Brief descriptive captions
════════════════════
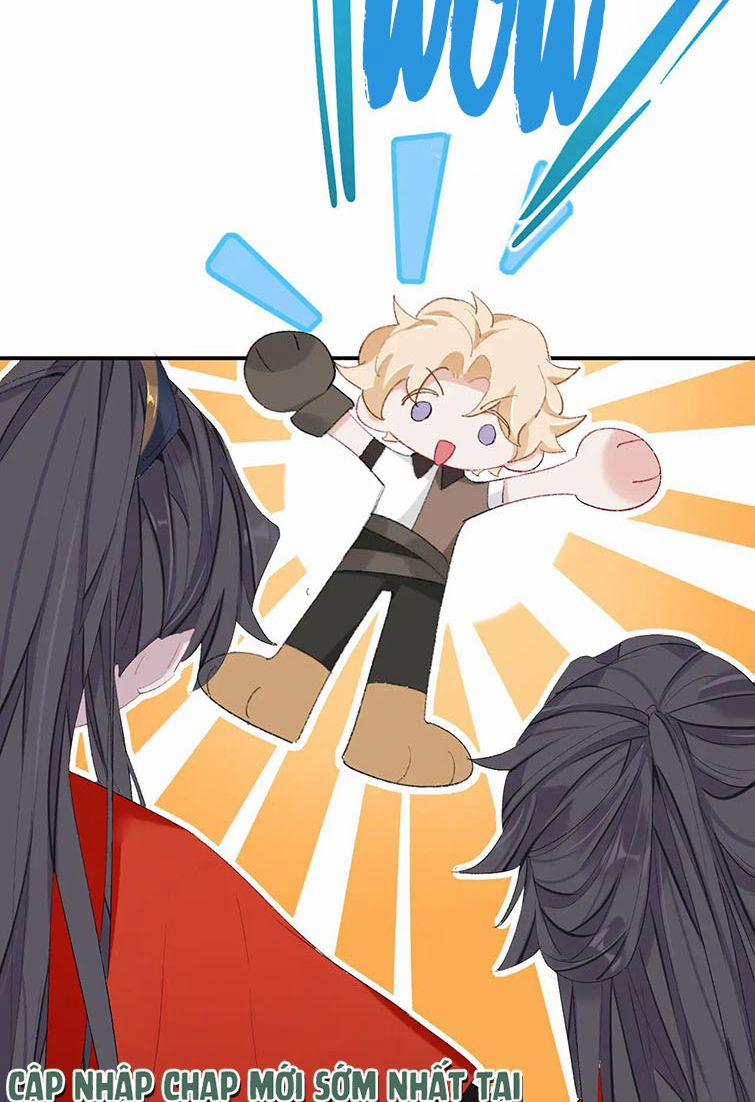 Sư Huynh Đừng Hòng Chạy 42 trang 6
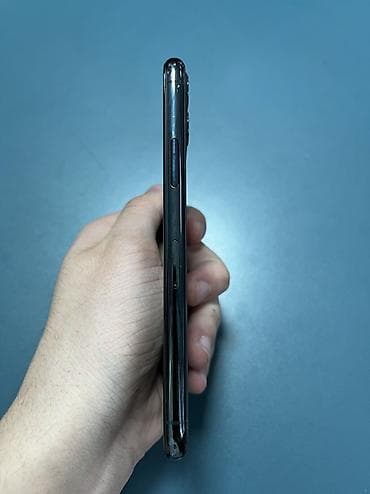 honor p20: IPhone 11 Pro, Б/у, 256 ГБ, Alpine Green, Зарядное устройство, Чехол, Кабель, 82 % — 5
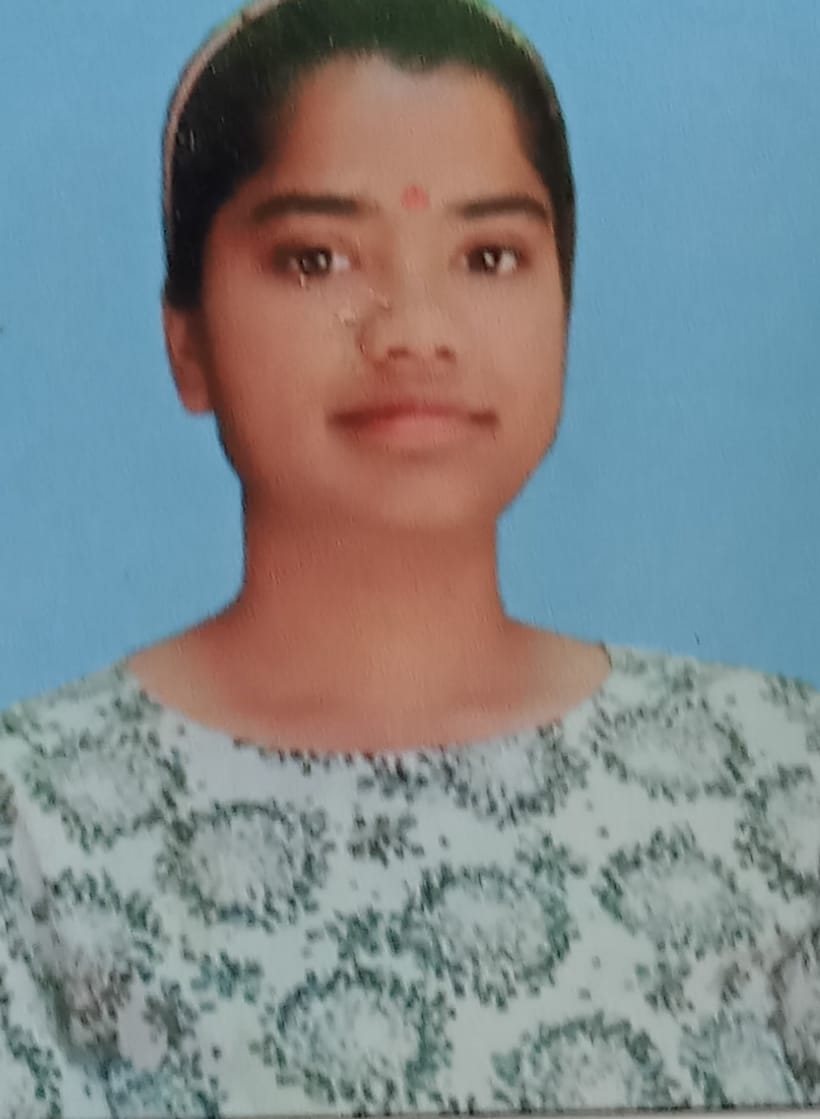 Student Photo Not Available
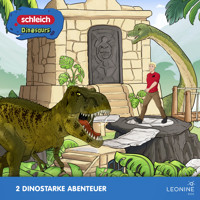 Folgen 47-48: Streng geheime Forschungen - Anna Lott - Hörbuch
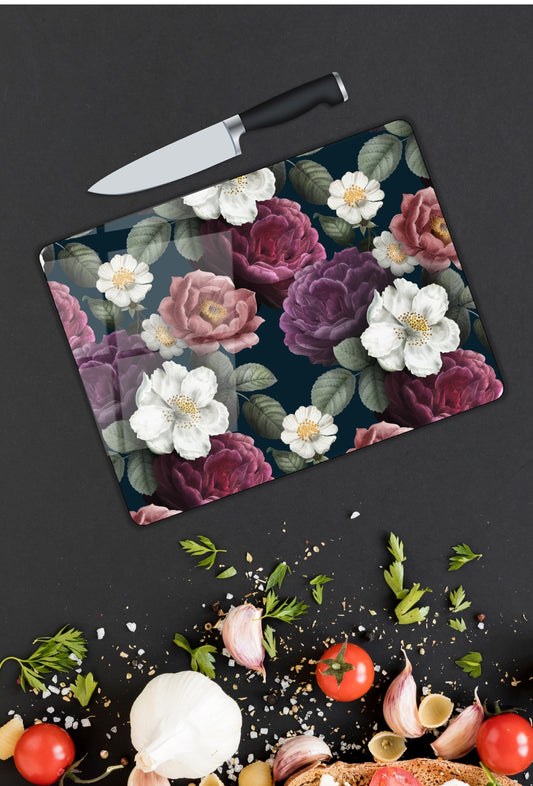 Дъска от стъкло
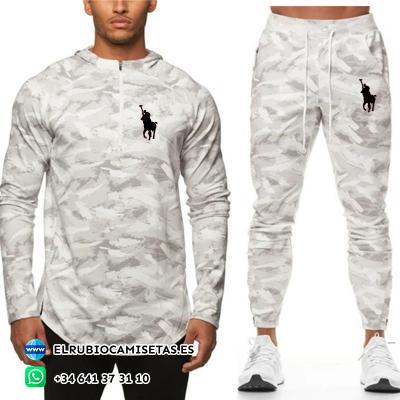 Chándal Ralph Lauren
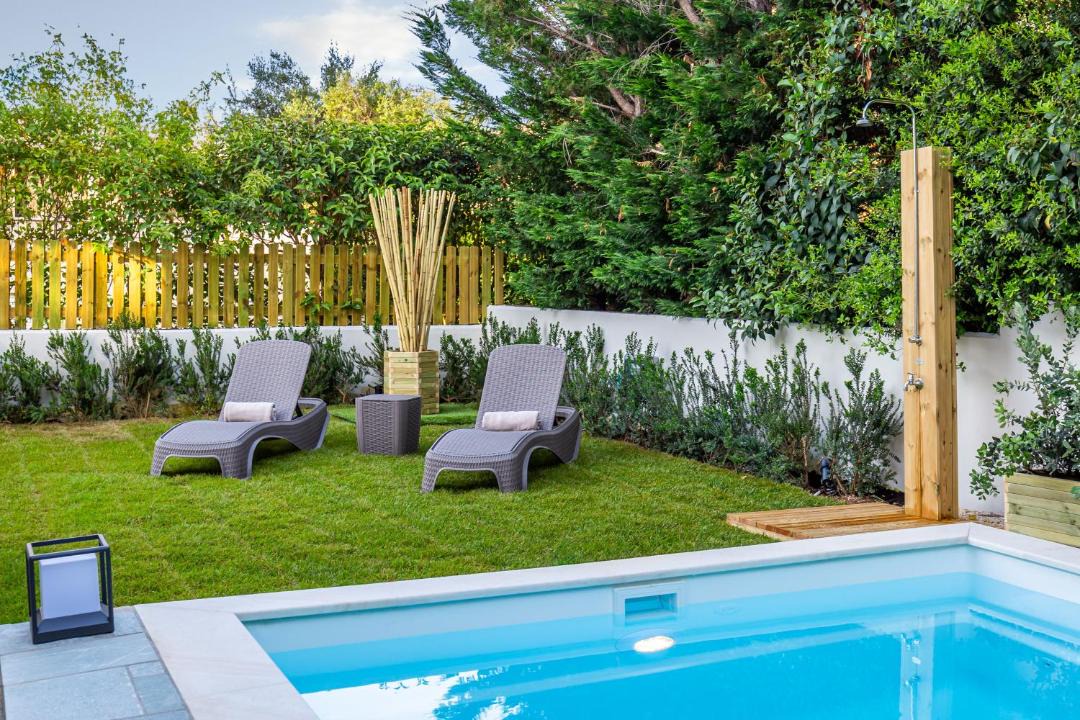 Photo of Outdoor in Potamos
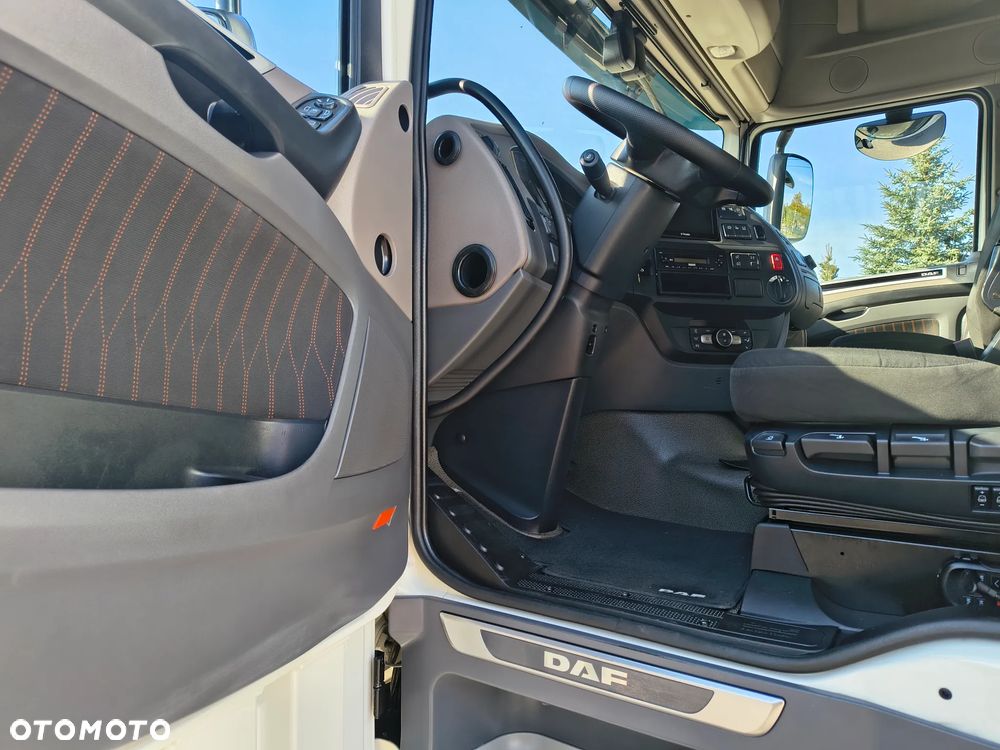 DAF XF 480 / SUPER SPACE CAB /STANDARD / EURO 6 / AUTOMAT /KRAJOWY - 18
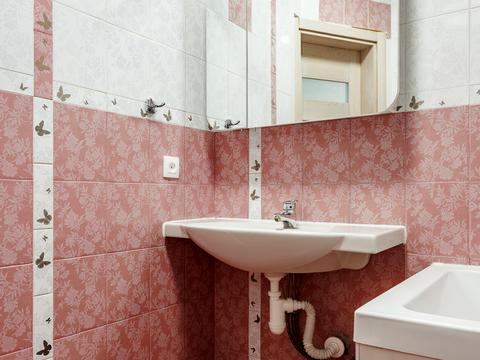 квартира по адресу Днепровская набережная ул., 26-Б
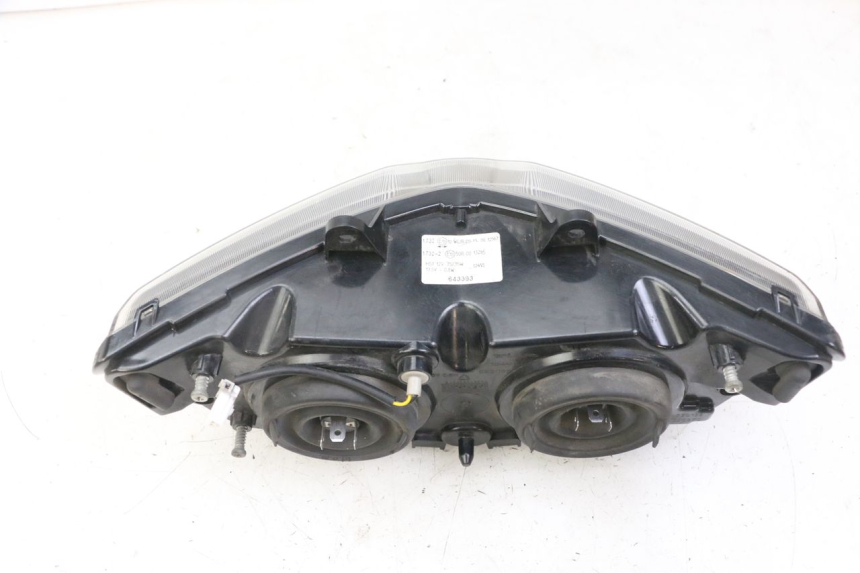 photo de PHARE AVANT PIAGGIO IE MP3 YOURBAN 300 (2011 - 2016) - Vue d’ensemble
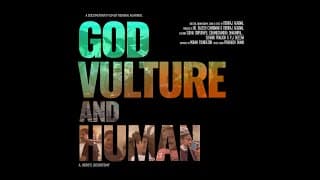 God Vulture Human - Trailer | Documentary on Transplant Coordinators | 2023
════════════════════
_Assignment_: Exclude every picture, then return precisely the lines that run from the line containing "Chándal Ralph Lauren" through the end of the entries above.

_Response to the exercise_:
 Chándal Ralph Lauren
 Photo of Outdoor in Potamos
 DAF XF 480 / SUPER SPACE CAB /STANDARD / EURO 6 / AUTOMAT /KRAJOWY - 18
 квартира по адресу Днепровская набережная ул., 26-Б
 photo de PHARE AVANT PIAGGIO IE MP3 YOURBAN 300 (2011 - 2016) - Vue d’ensemble
 God Vulture Human - Trailer | Documentary on Transplant Coordinators | 2023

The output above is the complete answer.